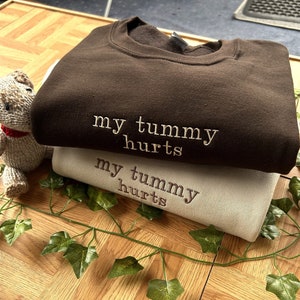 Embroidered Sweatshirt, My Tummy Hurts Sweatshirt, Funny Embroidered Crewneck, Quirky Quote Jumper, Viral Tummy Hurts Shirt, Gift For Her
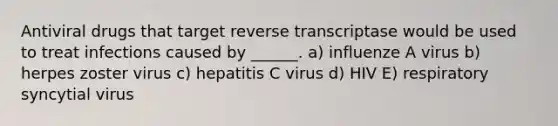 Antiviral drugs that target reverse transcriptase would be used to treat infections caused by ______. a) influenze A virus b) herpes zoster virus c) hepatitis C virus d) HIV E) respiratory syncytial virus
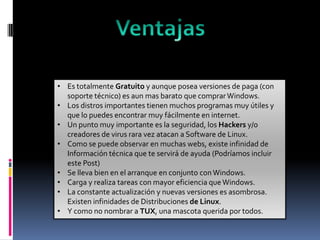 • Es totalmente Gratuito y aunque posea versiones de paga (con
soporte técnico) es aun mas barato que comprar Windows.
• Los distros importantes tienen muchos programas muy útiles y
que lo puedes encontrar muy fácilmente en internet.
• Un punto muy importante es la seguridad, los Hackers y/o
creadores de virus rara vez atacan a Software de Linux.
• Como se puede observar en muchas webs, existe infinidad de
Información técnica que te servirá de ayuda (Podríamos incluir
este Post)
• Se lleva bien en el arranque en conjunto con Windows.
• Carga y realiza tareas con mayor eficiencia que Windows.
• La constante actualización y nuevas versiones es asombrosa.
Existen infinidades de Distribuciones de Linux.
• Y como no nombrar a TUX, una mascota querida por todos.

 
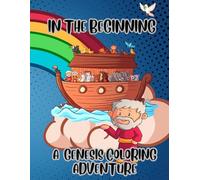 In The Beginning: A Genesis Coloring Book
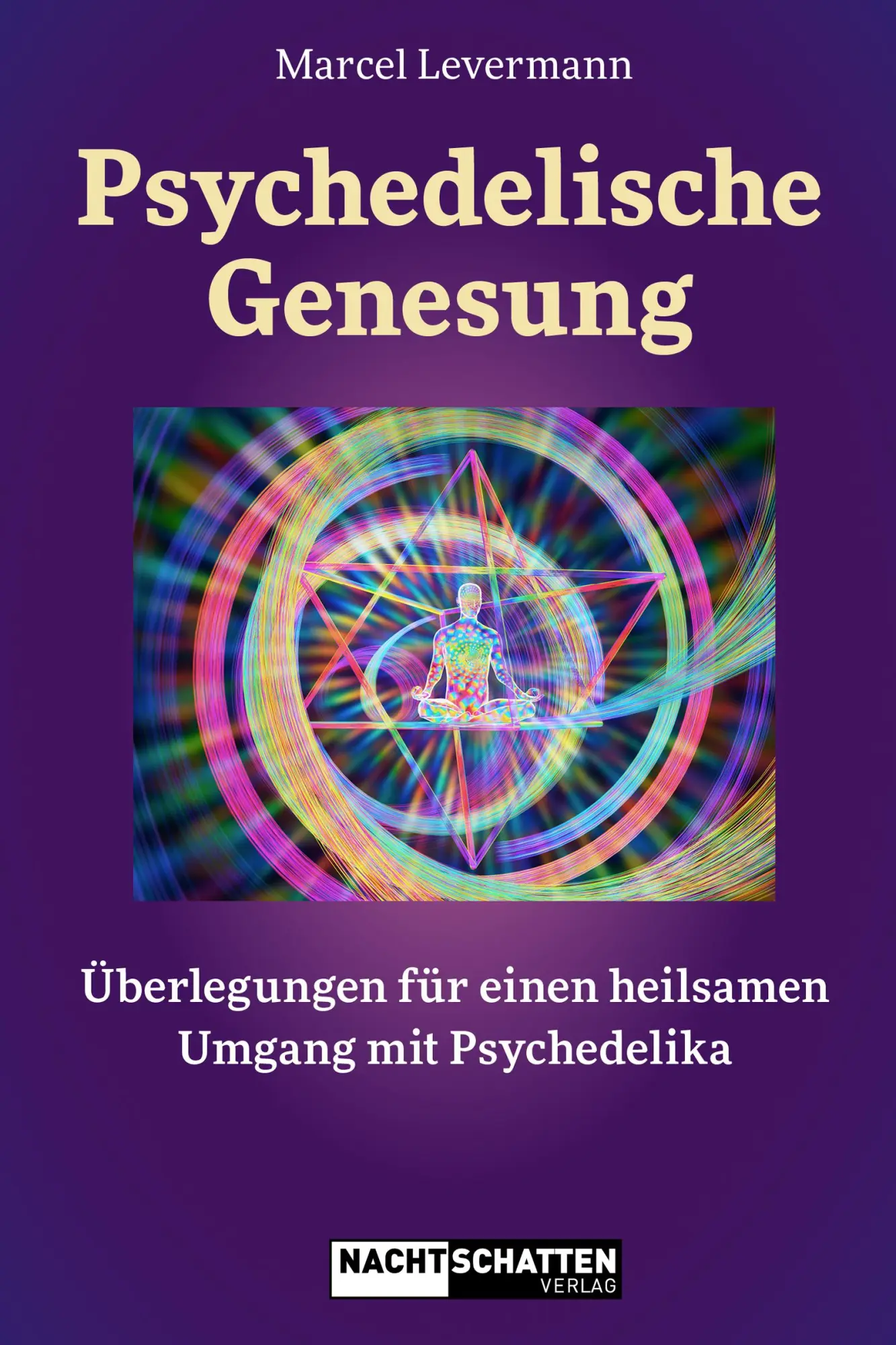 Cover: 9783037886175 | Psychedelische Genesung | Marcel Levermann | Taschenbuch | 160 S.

....................

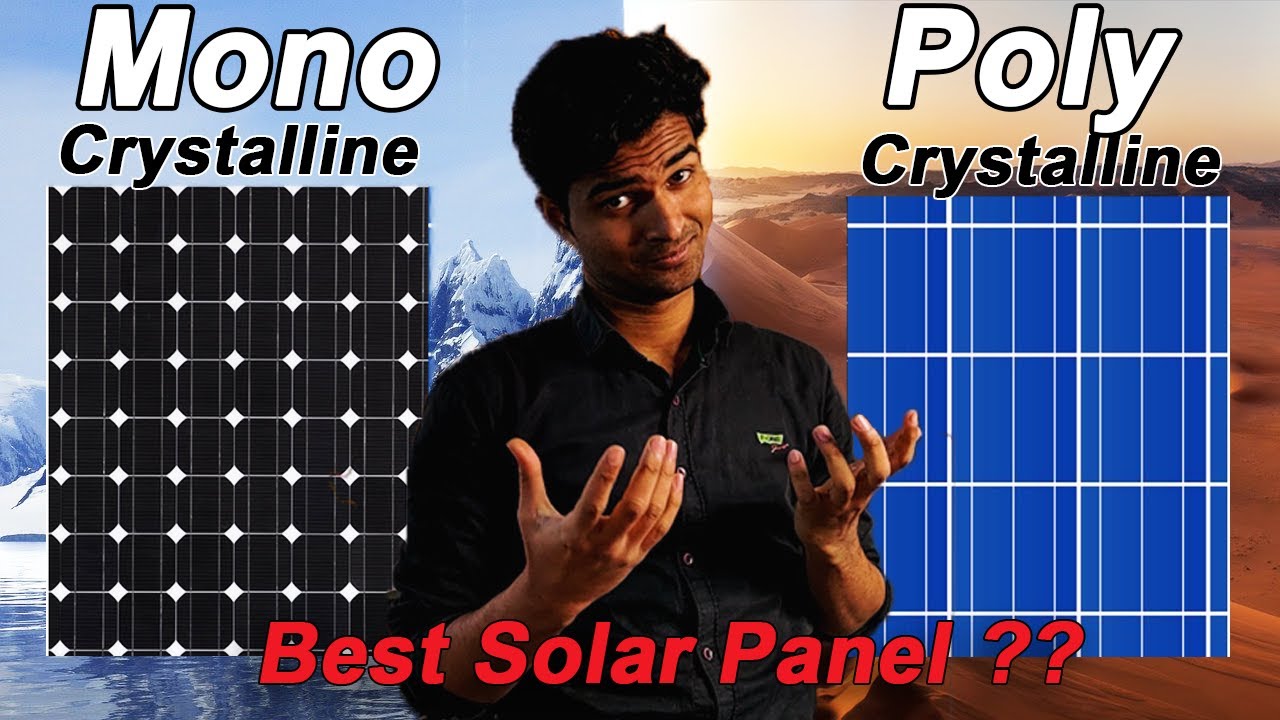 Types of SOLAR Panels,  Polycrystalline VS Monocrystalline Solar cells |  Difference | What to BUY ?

....................

Problem: Filter the entries down to the lines holding the string "Linux". Copy each of those lines.

Answer to this task:
creadores de virus rara vez atacan a Software de Linux.
Existen infinidades de Distribuciones de Linux.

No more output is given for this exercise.